### TASK REQUIREMENTS
Once the line containing "Космонавты экипажа МКС-73" is found in the records below, return it and each following line exactly, up to and including the line containing "双面同色丝毛披肩～Herme", and nothing else.

### DATA PROVIDED
::::

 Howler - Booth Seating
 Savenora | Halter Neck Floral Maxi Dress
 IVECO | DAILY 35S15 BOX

::::

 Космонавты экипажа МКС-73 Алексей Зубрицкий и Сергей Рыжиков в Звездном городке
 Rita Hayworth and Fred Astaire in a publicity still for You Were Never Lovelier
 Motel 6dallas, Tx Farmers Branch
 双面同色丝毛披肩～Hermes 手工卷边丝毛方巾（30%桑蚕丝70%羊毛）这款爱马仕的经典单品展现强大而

::::

### RESPONSE TO THE TASK
 Космонавты экипажа МКС-73 Алексей Зубрицкий и Сергей Рыжиков в Звездном городке
 Rita Hayworth and Fred Astaire in a publicity still for You Were Never Lovelier
 Motel 6dallas, Tx Farmers Branch
 双面同色丝毛披肩～Hermes 手工卷边丝毛方巾（30%桑蚕丝70%羊毛）这款爱马仕的经典单品展现强大而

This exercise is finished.